How the Events Table That Looked Right Killed Our Queue

Published: 2 weeks ago (May 25, 2026 at 06:37 PM EDT)

4 min read

Source: Dev.to

The Problem We Were Actually Solving

Our feature team owned the high‑score leaderboard that surfaced the top 100 players every second. The stack was simple: Postgres 15, a Golang micro‑service called huntcore, and Veltrix v2.4 as the internal event bus.

Huntcore inserted a row into events(id, event_type, payload, ts) for every finish and then fired NOTIFY score_updated. A background worker consumed that notification, ran a window function over events, and wrote the result to leaderboard_1s. Seemed textbook.
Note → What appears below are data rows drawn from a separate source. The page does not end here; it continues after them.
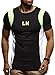 Leif Nelson Sport Maglietta Uomo Camicia Fitness Maschile da allenare Girocollo LN-8001 Verde Nero Small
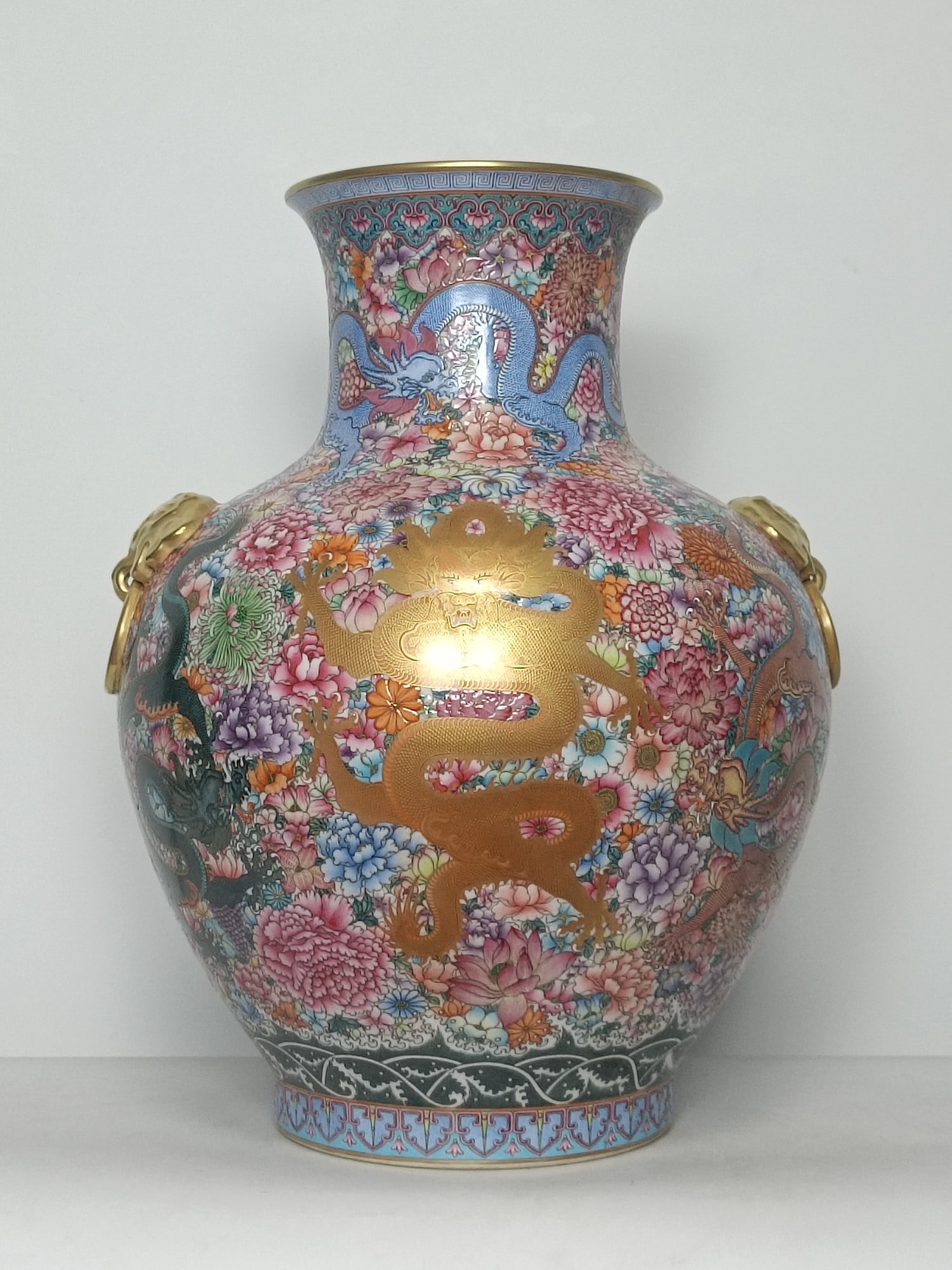 A Huge Enamel Painted Gold Flower and Dragon Pattern Beast-Ears Vase: A Huge Enamel Painted Gold Flower and Dragon Pattern Beast-Ears Vase,Qing Dynasty,China,Qianlong Six-character Mark,Size:24.4inx18.5in 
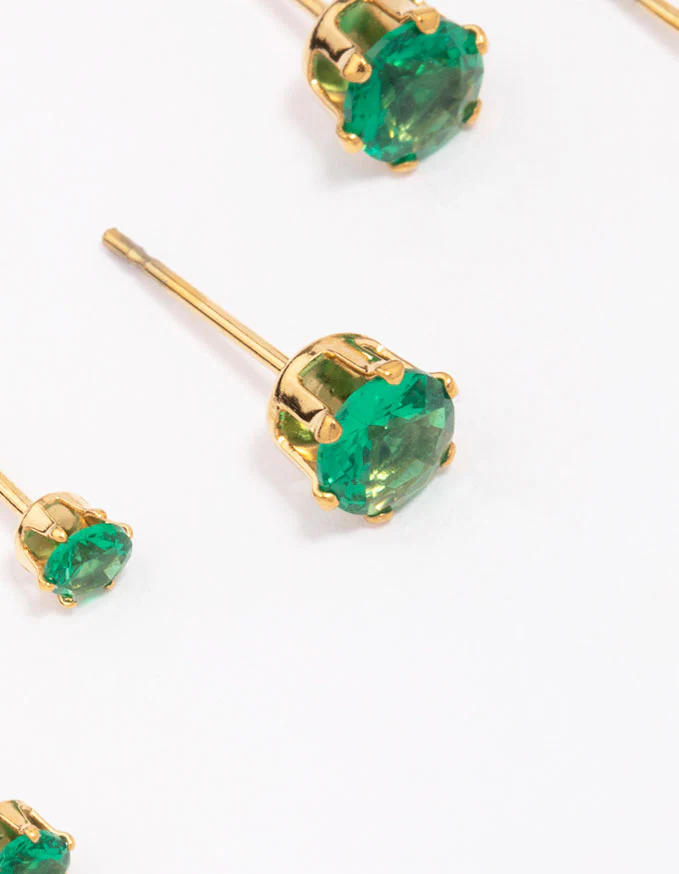 Waterproof Gold Plated Stainless Steel Emerald Cubic Zirconia Stud Earrings 3-Pack - Image 3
Scaling Issues During the Halloween Treasure Drop

When traffic doubled, the NOTIFY messages backlogged because Postgres only buffers 8 KB per LISTEN channel while we were pushing 400 events/s. Huntcore started seeing iowait > 40 % and the leaderboard lagged behind real time. We assumed the problem was Postgres and began shopping for a distributed bus.

First Attempt: Kafka

We replaced NOTIFY with Kafka via the Veltrix Kafka Connect plugin, creating a topic huntcore.score and setting linger.ms=0, batch.size=1 to preserve ordering. Within an hour the Golang consumer threw TooManyRequests on the PutRecords API. After raising quotas, the consumer group rebalanced every 30 s, causing scores to disappear for a second— the leaderboard literally blinked on the war‑room screen.

Second Attempt: Pulsar

We then tried Veltrix’s built‑in Pulsar sink with the same topology. Pulsar’s default batch window of 100 ms reduced the head‑of‑line block, but rebalances were still visible. Worse, Pulsar bookie disks filled up because managedLedgerCursorMaxLedgerIndex was not tuned. The containers started OOM‑killing every 20 minutes, forcing the on‑call rotation to prune ledgers manually.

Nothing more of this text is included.